Interaction between Ibuprofen-chemopharm and Simbalta when used simultaneously

Interacts with

  • Simbalta
  • serotonin reuptake, antidepressant, antidepressants, other antidepressants

Concomitant use with serotonin reuptake inhibitors (cyhalopram. fluoxetine, paroxetine, sertraline) will increase the risk of serious gastrointestinal bleeding. Cefamandol, cefaperazone, cefotetan, valnrosal acid, plicamycin increase the incidence of hyioprothrombinemia.

Microsomal oxidation inducers (phenytoin, ethanol, barbiturates, rifampicin, phenylbutazone, tricyclic antidepressants) increase the production of hydroxylated active metabolites, increasing the risk of developing severe geiatotoxic intoxications.

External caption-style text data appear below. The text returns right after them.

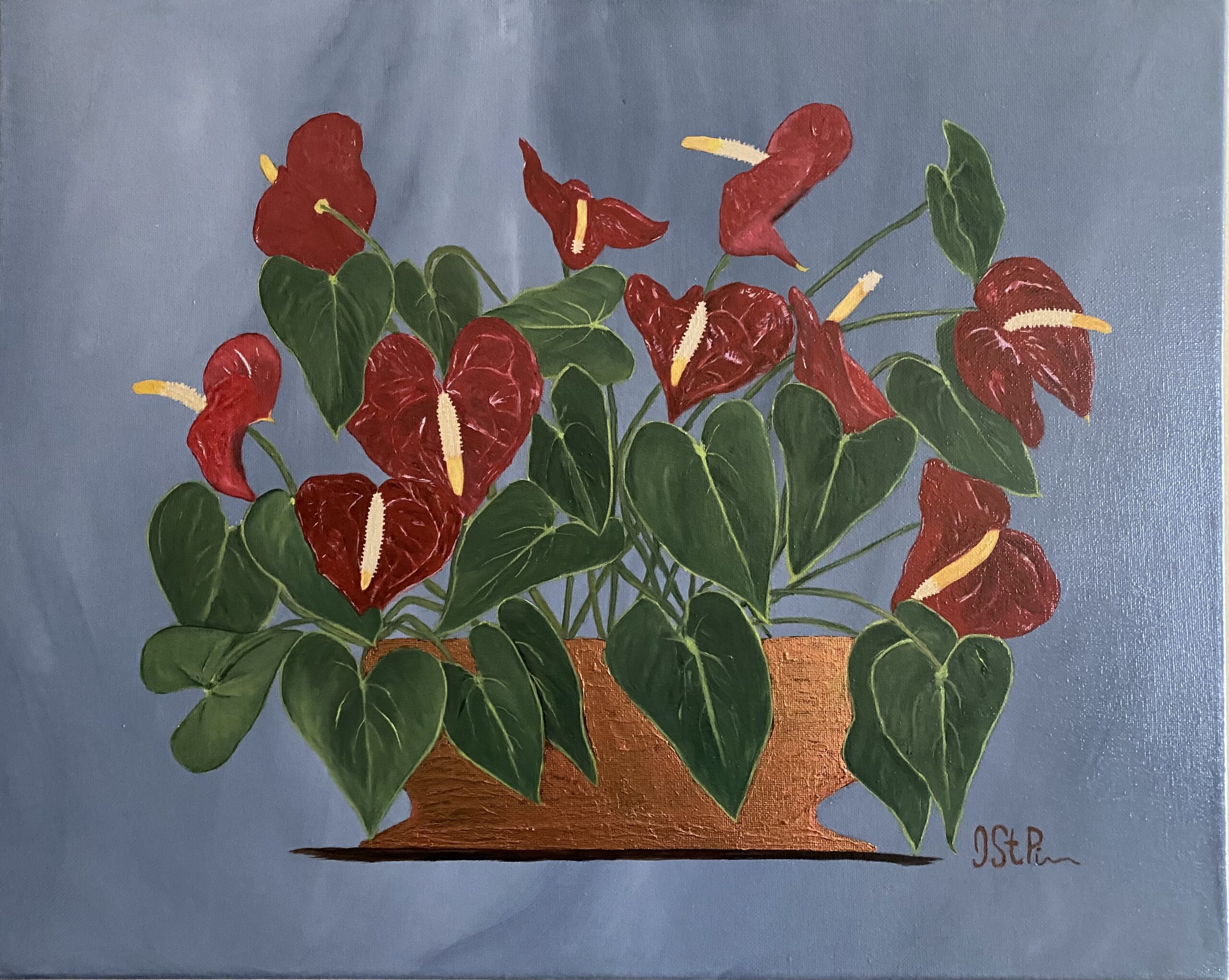 Painting of Anthurium plant in copper pot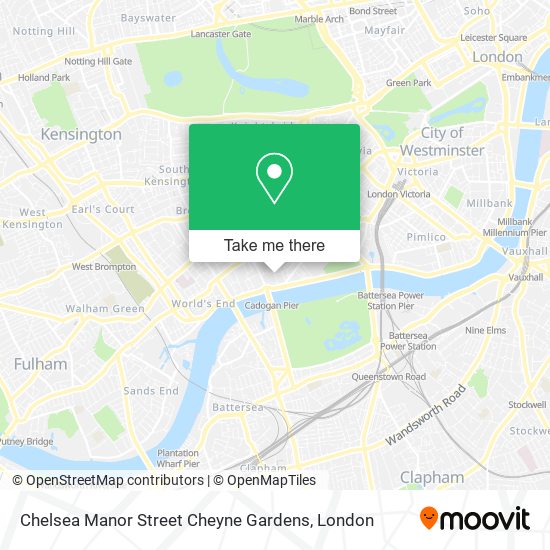 Chelsea Manor Street Cheyne Gardens map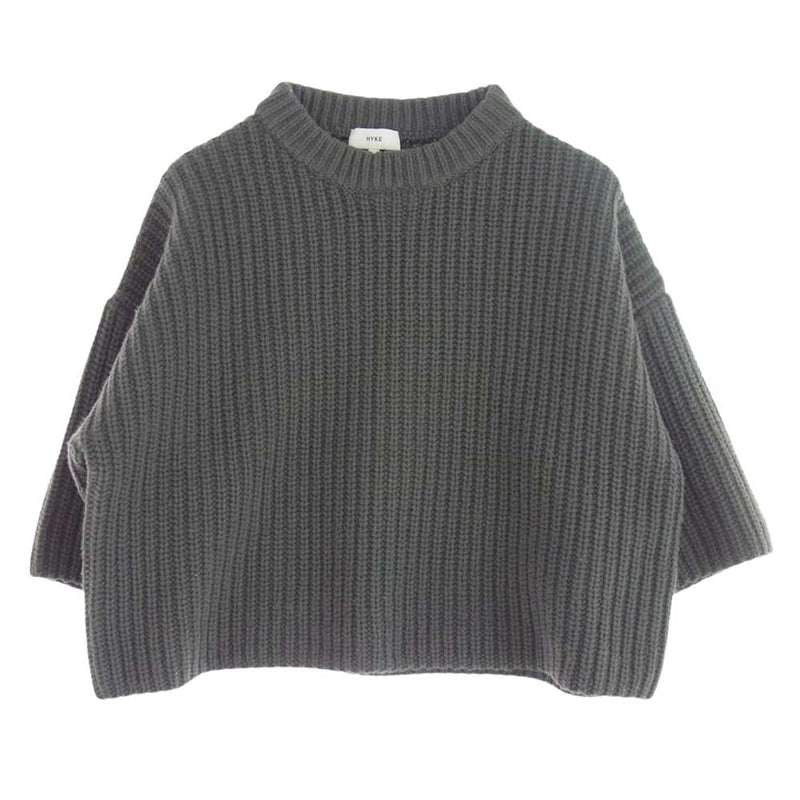 HYKE ハイク 21aw 212-11246-013 RIBBED CROP TOP リブ クロップド ニット グレー系 2【中古】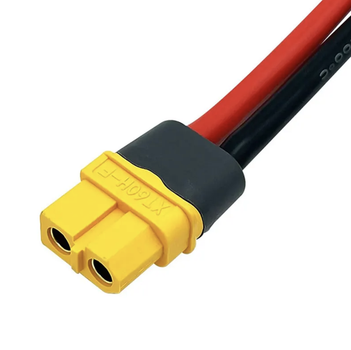 Кабель силовий з роз'ємом XT60H-F 14AWG 60А мама 20см для акумуляторів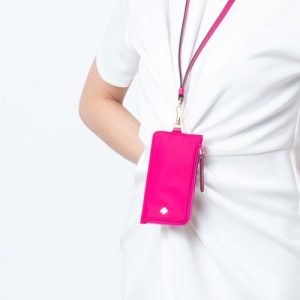 KATE SPADE Jae ID Lanyard in Nylon Bright Magenta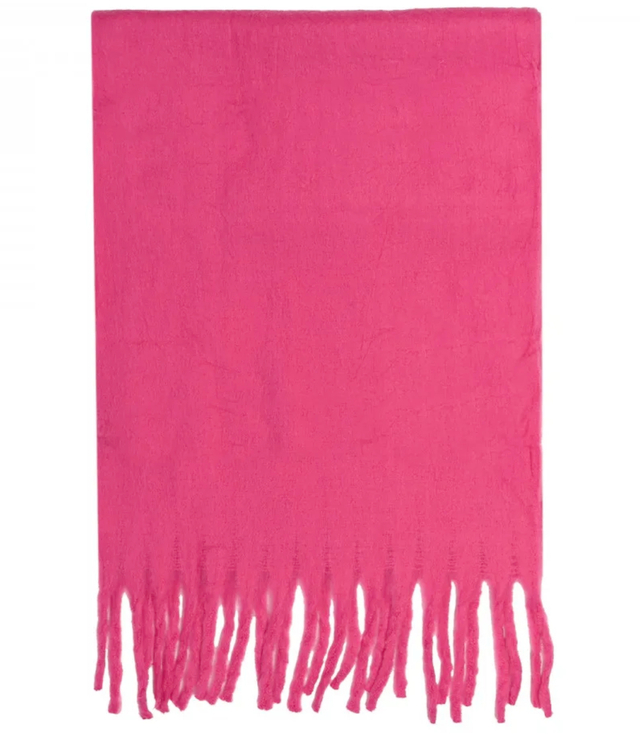 Šála Silná šála se střapci jednobarevná teplá měkká 180x45 cm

Old age, chronic heart failure, arterial hypertension, ischemic heart disease, cerebrovascular disease, dyslipidemia/hymerlipidemia, diabetes mellitus, peripheral arterial disease, smoking, frequent alcohol consumption, liver cirrhosis with portal hypertension, hepatic and/or renal failure with clearance creatinine less than 60 ml/min, nephrotic syndrome, hyperbilirubinemia, peptic ulcer of the stomach and duodenum (history), the presence of Helicobactor pylori infection, gastritis, enteritis, colitis, blood diseases of unknown etiology (leukopenia and anemia), long-term use of NSAIDs, severe somatic diseases, simultaneous administration of oral glucocorticosteroids (GCS) (including prednisone), anticoagulants (including warfarin), antiplatelet agents (including acetylsalicylic acid, clopidogrel), selective serotonin reuptake inhibitors (including h. citalopram, fluoxetine, paroxetine, sertraline), pregnancy (I and II trimesters), lactation period.

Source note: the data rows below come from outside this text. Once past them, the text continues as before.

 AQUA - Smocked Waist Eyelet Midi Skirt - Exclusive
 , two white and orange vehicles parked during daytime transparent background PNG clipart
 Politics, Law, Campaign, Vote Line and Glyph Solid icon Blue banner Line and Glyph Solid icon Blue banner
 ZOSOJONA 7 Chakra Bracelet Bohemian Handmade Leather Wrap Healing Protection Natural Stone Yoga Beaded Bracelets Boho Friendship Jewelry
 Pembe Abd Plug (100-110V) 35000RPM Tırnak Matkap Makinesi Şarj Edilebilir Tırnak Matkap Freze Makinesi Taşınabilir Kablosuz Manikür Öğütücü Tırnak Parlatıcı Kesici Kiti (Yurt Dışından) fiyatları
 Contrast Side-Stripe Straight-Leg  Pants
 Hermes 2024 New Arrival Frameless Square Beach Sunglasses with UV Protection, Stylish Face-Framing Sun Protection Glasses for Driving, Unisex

Do not use two or more non-steroidal anti-inflammatory drugs at the same time, as the risk of side effects increases. When used together, ibuprofen reduces the antiaggregatory and anti-inflammatory properties of acetylsalicylic acid. When used together with thrombolytic drugs (streptokinase, alteplase, urokinase), the possibility of bleeding increases. Ibuprofen enhances the properties of antiplatelet agents, indirect anticoagulants, fibrinolytics. The combined use of ibuprofen and inducers of microsomal oxidation (ethanol {alcohol, vodka}, phenytoin, barbiturates, phenylbutazone, rifampicin, tricyclic antidepressants) increases the risk of developing severe hepatotoxic events. Inhibitors of microsomal oxidation reduce the possibility of hepatotoxicity. Colestyramine and antacids reduce the absorption of ibuprofen. Caffeine increases the analgesic effect of ibuprofen. Cefoperazone, cefamandol, valproic acid, cefotetan increase the incidence of hypoprothrombinemia.